◆ TASK INPUT

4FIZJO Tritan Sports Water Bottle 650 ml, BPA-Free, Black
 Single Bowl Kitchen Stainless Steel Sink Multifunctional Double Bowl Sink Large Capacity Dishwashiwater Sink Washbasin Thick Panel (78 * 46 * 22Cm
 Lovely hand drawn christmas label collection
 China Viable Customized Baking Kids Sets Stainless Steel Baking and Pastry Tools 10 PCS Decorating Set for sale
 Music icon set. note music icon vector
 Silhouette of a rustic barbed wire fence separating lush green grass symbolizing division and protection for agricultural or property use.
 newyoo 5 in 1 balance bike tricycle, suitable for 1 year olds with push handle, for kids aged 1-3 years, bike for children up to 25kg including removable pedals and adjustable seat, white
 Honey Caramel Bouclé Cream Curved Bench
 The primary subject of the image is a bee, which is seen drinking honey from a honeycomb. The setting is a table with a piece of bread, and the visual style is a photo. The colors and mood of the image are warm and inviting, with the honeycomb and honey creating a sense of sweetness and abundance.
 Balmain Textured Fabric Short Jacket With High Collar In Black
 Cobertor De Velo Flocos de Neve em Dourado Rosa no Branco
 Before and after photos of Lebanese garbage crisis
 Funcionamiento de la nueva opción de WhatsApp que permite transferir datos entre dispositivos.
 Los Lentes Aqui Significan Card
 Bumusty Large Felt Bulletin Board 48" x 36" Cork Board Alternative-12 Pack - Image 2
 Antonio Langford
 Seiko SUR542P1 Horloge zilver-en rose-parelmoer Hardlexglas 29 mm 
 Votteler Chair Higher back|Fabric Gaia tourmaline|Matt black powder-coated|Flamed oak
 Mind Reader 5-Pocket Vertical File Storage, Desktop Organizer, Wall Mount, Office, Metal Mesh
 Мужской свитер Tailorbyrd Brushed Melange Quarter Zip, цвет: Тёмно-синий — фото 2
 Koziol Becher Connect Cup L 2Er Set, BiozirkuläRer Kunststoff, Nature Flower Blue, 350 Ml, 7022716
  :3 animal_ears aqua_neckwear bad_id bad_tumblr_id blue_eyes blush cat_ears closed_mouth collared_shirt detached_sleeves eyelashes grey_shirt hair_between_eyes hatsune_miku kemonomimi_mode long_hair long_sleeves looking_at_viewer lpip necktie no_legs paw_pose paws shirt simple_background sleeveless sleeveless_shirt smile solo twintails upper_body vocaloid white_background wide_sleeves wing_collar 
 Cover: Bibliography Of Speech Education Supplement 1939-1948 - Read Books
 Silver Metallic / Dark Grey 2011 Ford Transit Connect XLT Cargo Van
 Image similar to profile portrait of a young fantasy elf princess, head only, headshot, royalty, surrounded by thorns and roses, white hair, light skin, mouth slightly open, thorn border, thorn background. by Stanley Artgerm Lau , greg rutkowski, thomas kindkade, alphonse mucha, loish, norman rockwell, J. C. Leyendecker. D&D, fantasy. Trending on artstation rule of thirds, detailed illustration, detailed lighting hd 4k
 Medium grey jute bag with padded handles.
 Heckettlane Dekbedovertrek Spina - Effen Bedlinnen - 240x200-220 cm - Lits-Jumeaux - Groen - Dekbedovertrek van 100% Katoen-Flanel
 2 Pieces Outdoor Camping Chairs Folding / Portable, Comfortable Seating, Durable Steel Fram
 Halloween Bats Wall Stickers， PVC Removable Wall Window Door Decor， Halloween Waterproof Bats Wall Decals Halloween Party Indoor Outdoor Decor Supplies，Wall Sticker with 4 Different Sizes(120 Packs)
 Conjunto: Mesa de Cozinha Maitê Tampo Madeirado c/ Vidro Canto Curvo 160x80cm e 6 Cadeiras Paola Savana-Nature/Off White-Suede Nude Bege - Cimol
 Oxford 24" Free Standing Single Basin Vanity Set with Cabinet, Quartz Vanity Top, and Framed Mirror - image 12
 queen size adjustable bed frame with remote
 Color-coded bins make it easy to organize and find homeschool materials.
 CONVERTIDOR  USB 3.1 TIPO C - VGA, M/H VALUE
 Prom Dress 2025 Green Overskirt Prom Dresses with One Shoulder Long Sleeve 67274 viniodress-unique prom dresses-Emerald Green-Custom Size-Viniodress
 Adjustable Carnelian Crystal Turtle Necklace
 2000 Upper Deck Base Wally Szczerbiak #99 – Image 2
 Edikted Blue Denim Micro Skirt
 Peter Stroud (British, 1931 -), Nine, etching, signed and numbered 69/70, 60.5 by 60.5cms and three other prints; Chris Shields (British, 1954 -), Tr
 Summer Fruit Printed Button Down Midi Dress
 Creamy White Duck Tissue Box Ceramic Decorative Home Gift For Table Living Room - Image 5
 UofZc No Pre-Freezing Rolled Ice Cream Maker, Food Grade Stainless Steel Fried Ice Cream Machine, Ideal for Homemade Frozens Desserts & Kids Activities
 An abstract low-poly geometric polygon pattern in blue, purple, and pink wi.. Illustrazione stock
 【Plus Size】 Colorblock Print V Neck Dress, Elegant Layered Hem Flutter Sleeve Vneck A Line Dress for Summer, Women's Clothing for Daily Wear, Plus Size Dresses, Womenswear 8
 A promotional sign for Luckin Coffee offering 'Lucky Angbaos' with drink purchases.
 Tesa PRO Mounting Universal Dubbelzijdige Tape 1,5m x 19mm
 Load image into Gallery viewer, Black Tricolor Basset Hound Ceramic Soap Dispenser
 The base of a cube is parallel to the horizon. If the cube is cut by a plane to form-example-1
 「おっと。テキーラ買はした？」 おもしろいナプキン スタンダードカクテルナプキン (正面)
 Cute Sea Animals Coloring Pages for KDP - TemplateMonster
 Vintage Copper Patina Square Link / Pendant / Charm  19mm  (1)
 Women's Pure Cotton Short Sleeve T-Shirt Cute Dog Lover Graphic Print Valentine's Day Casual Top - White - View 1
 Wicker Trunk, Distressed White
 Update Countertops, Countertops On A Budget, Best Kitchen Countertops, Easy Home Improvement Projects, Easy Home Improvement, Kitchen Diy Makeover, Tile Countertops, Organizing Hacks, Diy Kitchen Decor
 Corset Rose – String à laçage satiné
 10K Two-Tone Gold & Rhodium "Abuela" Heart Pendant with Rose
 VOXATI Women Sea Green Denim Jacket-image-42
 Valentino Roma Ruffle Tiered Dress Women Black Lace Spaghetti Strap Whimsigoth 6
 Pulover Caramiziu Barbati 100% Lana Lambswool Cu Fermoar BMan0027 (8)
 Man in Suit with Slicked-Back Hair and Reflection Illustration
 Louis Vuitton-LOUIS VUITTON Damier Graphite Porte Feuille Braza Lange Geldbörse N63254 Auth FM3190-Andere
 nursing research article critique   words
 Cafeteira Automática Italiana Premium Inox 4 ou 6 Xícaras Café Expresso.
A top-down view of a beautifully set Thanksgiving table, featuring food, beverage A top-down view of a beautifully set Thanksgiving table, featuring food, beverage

◆ EXERCISE INSTRUCTIONS
Would you state how many lines in the listing above contain the word "Denim"? Reply with the number and no other words.

◆ RESULT OF THIS EXERCISE
2